Unnecessarily negative attitudes
Let's face it: Expecting to get rich by winning the lottery is just
not realistic. Sure, I play once a week, too. One can hope and dream,
right? But somehow I doubt that the fates will intervene and provide
me with retirement security. So -- who better to provide it than
myself?
Brobeck says Americans are pessimistic about their ability to accumulate
wealth. "This pessimism is usually not warranted. According
to our survey, only about one-quarter of Americans, and little more
than one-third of young adults, think they will accumulate as much
as $200,000 at some point in their life."
Yet financial planning experts have a much more optimistic outlook,
believing that about 80 percent of young Americans could save up
at least $250,000 over a 30-year period, and half could amass $1
million -- with no help from winning lotto tickets.
How?
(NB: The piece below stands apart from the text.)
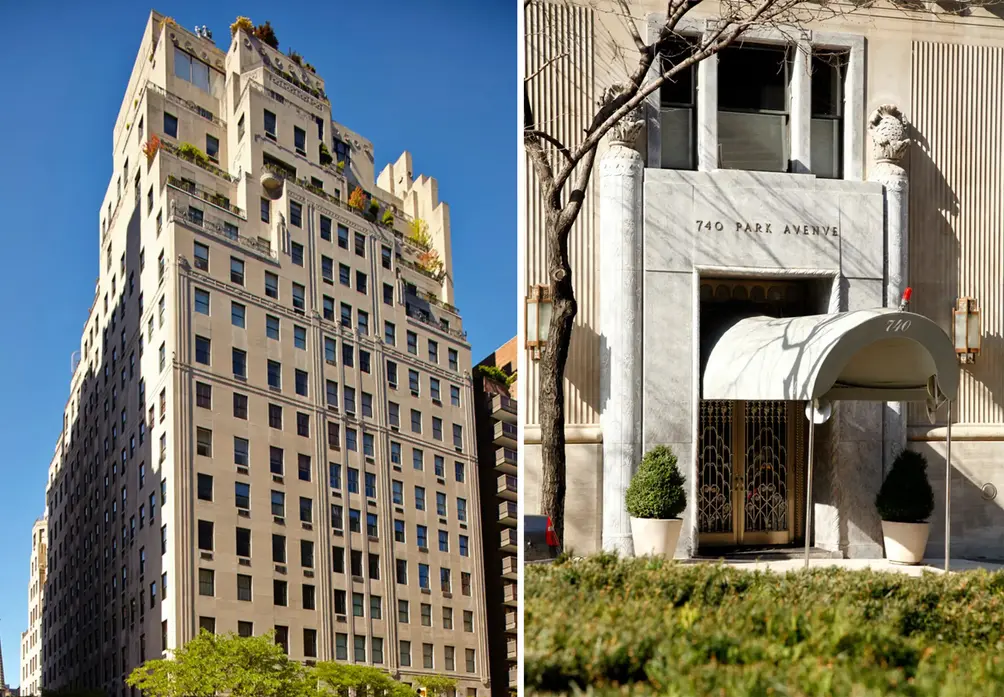 740 Park Avenue, Upper East Side cooperative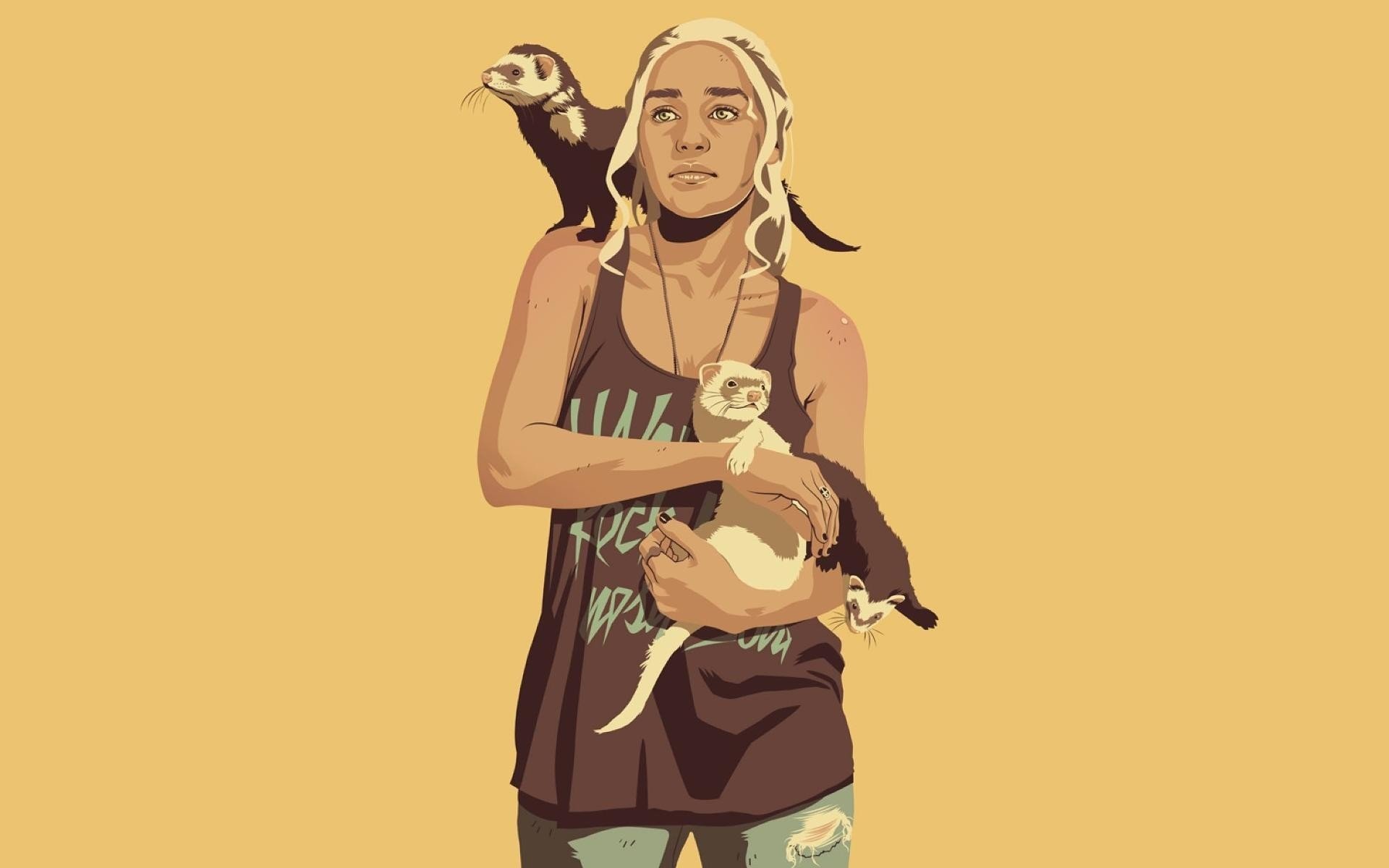 game of thrones minimalismo daenerys targaryen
By making monthly contributions to a retirement plan throughout
their careers.
What's your net worth?
As a first step, Americans need to know what they're worth. I'm
not talking about your intrinsic value, because we all have inestimable
worth in that sense, right? Rather, how much wealth do you have,
or, what's your net worth? Only about half of Americans know what
components make up net worth, and less than half know what their
own net worth is, says the survey.
Your net worth is a simple calculation of assets minus liabilities.
Assets would include checking and savings account balances, money
market accounts and cash value of insurance; the current market
value of real estate you own; plus investment assets, including
money in IRAs, 401(k) accounts and mutual funds in taxable accounts.
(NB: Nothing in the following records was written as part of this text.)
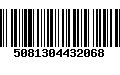 Código de Barras 5081304432068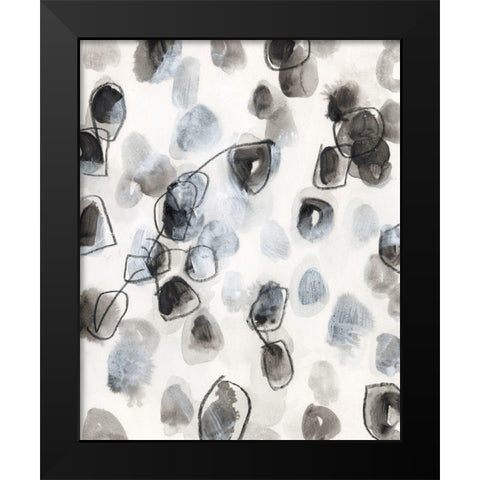 Encompass IV Black Modern Wood Framed Art Print by Vess, June Erica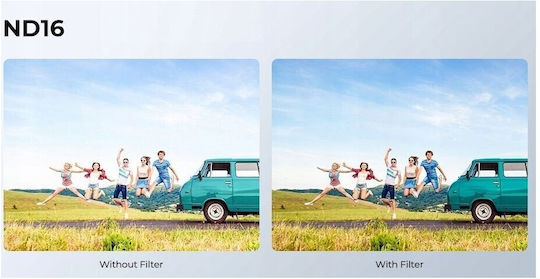 Set Filtre 4-în-1 Gri ND ND4 ND8 ND16 Polarizant PL GoPro Hero 4K Sku.2333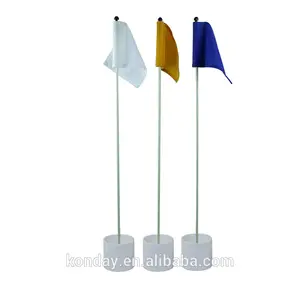 Kunden spezifische Golf Putting Green Solid Flag mit Fahnenstange und Loch Cup Checkered Flag Golf Flags ticks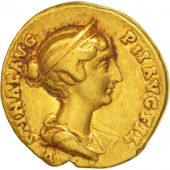 Faustina II, Aureus, 147-152, Roma, TTB+, Or, RIC:506c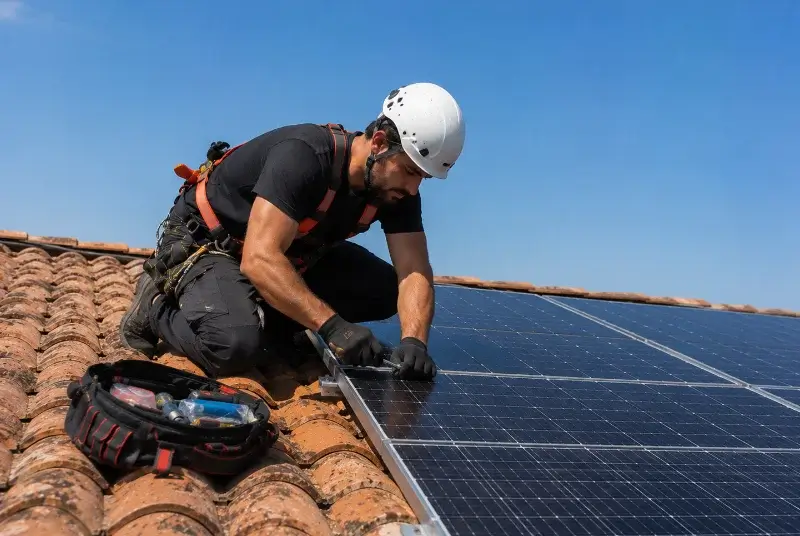 Maintenance et monitoring de panneaux solaires à Labessière-Candeil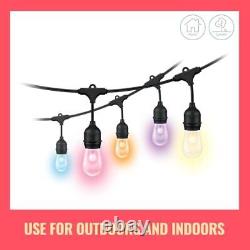 48FT Color Changing Outdoor String Lights Water & Weatherproof Adapter Includ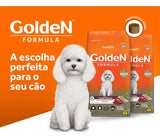 Ração Golden Formula Cães Adultos Raças Pequenas Carne e Arroz Mini Bits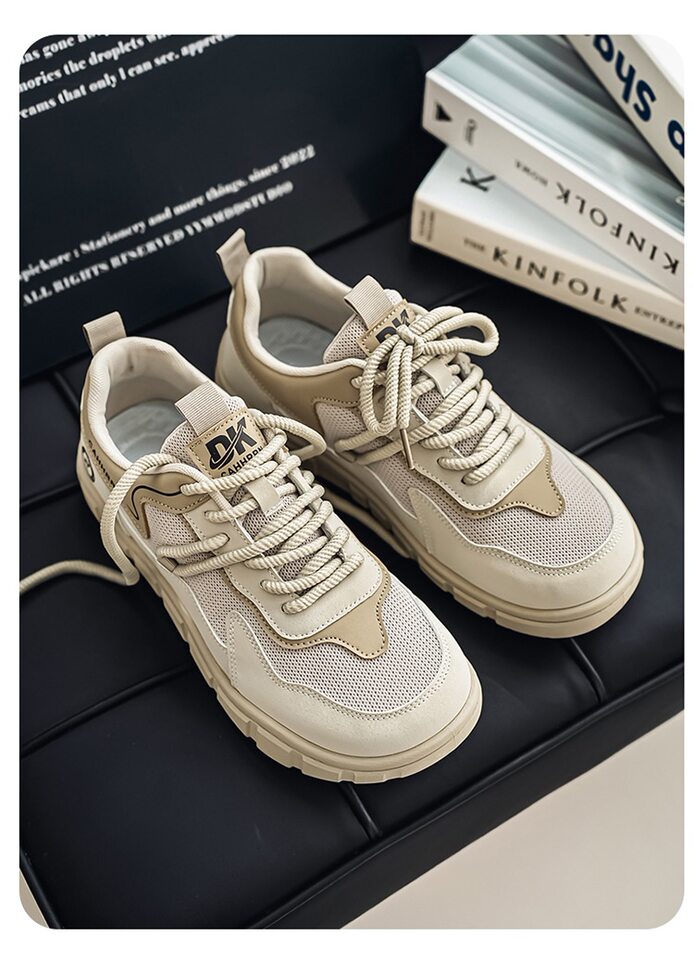 Giày nam mũi rộng thân lưới thoáng khí đế mềm phong cách thể thao casual, gót thấp 1-3 cm — 5019 màu xám, 5019 xám đen, 5019m màu chi tiết 11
Liability is a fancy word for debt, represented by outstanding credit
card and auto loan balances, as well as mortgage and home equity
loans.
You can probably do a quick calculation in your head, but if you
want to do it right, you should check your bank and brokerage statements
and create a personal balance sheet with precise numerical values
at least once a year, preferably on the same date. This net-worth
statement enables you to track your financial progress from one
year to the next.
Other handy tools
Our net worth as a financial snapshot is useful. If it increases
every year, that's good. If it doesn't, it's bad. But what does
it mean relative to achieving specific financial goals? Is the debt
that we're carrying too high? How much debt is too much? Have we
accumulated enough savings at this point in time to meet our future
savings goals?
Whether we are on track to meeting our goals will depend a lot
on the variables -- our ages, the number of years left before we
need the money, the return on our investments, the rate at which
we withdraw the money, the number of years we expect to live, etc.